:: Short text fragments from websites ::
Start of Block

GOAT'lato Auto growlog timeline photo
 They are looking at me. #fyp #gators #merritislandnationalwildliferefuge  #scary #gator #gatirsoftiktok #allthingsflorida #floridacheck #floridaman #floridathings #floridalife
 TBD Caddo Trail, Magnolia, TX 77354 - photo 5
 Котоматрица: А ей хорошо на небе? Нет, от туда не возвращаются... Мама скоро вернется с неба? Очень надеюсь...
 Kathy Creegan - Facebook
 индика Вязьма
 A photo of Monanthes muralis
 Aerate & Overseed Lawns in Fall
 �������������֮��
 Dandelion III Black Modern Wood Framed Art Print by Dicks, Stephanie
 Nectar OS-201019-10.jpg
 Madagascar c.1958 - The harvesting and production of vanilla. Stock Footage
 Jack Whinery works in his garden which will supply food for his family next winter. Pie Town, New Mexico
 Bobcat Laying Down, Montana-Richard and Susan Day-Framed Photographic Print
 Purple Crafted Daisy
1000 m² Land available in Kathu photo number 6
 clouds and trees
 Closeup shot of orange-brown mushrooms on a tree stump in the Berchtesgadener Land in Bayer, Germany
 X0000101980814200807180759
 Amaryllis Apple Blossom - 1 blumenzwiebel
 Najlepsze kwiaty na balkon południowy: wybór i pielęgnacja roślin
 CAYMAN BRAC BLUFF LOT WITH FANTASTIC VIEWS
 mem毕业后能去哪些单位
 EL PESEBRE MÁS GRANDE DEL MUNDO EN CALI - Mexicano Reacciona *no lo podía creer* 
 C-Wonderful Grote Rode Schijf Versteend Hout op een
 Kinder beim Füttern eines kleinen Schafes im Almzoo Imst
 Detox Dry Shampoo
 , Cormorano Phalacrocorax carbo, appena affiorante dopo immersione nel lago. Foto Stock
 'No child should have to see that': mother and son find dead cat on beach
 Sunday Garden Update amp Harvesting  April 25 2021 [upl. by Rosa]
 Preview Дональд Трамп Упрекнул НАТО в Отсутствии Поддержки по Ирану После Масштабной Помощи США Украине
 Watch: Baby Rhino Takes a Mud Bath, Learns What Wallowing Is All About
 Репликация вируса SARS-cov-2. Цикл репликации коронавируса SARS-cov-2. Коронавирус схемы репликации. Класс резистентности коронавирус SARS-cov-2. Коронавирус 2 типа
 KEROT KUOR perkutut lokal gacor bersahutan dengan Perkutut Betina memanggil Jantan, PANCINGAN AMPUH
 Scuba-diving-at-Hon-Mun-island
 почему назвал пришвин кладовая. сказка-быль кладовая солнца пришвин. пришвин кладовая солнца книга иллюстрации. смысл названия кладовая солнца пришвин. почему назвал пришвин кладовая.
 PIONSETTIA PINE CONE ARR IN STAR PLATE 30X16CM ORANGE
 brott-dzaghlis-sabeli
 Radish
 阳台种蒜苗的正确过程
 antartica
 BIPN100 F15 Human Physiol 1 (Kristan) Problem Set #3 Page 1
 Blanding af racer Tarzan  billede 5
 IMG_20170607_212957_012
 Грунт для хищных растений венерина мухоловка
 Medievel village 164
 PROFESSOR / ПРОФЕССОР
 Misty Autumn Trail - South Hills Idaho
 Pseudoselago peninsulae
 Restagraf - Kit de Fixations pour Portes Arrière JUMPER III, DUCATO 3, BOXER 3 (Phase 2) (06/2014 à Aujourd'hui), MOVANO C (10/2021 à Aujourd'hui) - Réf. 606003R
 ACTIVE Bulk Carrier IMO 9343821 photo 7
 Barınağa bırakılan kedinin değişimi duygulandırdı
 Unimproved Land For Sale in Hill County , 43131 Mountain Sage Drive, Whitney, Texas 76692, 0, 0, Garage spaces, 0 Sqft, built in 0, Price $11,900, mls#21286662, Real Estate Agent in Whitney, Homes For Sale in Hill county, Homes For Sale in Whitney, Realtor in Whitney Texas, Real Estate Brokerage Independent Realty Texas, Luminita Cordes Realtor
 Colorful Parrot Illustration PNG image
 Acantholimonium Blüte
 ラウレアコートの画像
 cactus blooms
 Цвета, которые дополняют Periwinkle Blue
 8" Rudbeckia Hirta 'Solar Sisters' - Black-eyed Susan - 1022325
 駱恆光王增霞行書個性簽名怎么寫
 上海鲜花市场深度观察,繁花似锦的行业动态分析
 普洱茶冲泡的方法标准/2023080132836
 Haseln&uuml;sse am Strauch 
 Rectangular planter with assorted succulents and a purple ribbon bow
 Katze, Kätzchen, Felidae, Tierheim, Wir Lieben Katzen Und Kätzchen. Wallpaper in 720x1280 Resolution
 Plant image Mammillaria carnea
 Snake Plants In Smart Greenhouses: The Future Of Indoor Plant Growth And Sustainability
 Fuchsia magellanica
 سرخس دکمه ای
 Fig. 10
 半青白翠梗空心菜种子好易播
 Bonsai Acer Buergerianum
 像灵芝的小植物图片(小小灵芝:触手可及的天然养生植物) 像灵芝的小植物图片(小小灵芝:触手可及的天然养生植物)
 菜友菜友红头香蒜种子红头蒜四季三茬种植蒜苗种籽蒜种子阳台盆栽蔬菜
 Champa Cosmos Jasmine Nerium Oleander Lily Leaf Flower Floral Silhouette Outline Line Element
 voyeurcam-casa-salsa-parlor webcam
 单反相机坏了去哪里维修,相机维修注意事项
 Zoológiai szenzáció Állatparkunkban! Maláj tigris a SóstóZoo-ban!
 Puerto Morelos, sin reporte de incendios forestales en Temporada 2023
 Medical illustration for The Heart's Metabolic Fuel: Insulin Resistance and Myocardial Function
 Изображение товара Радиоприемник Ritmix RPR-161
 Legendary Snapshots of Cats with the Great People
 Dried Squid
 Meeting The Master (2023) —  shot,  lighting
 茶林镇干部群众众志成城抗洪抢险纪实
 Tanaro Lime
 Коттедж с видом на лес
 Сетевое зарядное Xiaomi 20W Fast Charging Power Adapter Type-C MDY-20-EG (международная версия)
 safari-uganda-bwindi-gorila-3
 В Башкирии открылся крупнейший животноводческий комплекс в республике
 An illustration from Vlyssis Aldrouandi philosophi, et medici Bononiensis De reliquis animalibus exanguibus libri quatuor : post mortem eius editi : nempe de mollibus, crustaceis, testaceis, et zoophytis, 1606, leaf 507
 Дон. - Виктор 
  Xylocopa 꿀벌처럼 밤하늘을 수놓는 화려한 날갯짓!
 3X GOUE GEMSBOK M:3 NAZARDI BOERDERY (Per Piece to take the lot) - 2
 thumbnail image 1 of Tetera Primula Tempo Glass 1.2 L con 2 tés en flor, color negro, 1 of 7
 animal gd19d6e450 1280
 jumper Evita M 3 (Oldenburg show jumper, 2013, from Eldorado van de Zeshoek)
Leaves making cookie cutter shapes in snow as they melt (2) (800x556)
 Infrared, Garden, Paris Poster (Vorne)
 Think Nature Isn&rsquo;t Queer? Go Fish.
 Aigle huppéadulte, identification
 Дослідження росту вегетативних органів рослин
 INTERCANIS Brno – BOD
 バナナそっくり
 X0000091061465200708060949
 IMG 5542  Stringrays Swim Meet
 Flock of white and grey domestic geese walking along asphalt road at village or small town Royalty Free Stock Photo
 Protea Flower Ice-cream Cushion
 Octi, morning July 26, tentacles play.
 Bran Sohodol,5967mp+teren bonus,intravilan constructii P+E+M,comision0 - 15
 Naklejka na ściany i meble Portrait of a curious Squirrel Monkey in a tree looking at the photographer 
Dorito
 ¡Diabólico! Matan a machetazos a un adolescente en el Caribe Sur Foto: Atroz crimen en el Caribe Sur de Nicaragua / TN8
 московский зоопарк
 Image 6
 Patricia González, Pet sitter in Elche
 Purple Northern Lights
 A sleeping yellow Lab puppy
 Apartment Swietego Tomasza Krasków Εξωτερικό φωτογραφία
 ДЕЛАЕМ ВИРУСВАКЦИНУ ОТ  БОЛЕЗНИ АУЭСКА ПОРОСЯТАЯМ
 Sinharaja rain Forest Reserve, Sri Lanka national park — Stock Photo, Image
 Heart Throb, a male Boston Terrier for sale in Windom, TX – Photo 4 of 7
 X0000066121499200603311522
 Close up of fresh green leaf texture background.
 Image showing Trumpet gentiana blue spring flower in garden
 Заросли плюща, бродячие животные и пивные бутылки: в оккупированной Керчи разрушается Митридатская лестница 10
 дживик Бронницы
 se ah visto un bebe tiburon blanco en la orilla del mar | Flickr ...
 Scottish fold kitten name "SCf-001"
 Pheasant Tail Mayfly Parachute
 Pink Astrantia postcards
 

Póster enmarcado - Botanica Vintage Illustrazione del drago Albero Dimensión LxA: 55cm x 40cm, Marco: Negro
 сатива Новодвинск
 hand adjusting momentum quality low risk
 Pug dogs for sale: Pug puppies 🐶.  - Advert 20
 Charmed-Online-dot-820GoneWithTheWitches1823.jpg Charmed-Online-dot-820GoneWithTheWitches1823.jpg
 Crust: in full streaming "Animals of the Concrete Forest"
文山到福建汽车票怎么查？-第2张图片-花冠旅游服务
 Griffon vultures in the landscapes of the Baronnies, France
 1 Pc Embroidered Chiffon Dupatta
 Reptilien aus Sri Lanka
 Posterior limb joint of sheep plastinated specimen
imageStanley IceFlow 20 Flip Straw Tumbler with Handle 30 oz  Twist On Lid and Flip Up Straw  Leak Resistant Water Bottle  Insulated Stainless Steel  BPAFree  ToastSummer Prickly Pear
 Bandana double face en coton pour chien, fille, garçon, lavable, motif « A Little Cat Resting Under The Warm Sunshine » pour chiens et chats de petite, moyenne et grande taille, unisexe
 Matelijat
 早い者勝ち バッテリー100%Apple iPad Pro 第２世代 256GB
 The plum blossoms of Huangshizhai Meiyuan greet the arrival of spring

End of Block

:: ACTION ITEM ::
Only the lines from the start of the data to the line holding "X0000101980814200807180759" are wanted; return them exactly, both ends included.

:: EXERCISE RESULT ::
GOAT'lato Auto growlog timeline photo
 They are looking at me. #fyp #gators #merritislandnationalwildliferefuge  #scary #gator #gatirsoftiktok #allthingsflorida #floridacheck #floridaman #floridathings #floridalife
 TBD Caddo Trail, Magnolia, TX 77354 - photo 5
 Котоматрица: А ей хорошо на небе? Нет, от туда не возвращаются... Мама скоро вернется с неба? Очень надеюсь...
 Kathy Creegan - Facebook
 индика Вязьма
 A photo of Monanthes muralis
 Aerate & Overseed Lawns in Fall
 �������������֮��
 Dandelion III Black Modern Wood Framed Art Print by Dicks, Stephanie
 Nectar OS-201019-10.jpg
 Madagascar c.1958 - The harvesting and production of vanilla. Stock Footage
 Jack Whinery works in his garden which will supply food for his family next winter. Pie Town, New Mexico
 Bobcat Laying Down, Montana-Richard and Susan Day-Framed Photographic Print
 Purple Crafted Daisy
1000 m² Land available in Kathu photo number 6
 clouds and trees
 Closeup shot of orange-brown mushrooms on a tree stump in the Berchtesgadener Land in Bayer, Germany
 X0000101980814200807180759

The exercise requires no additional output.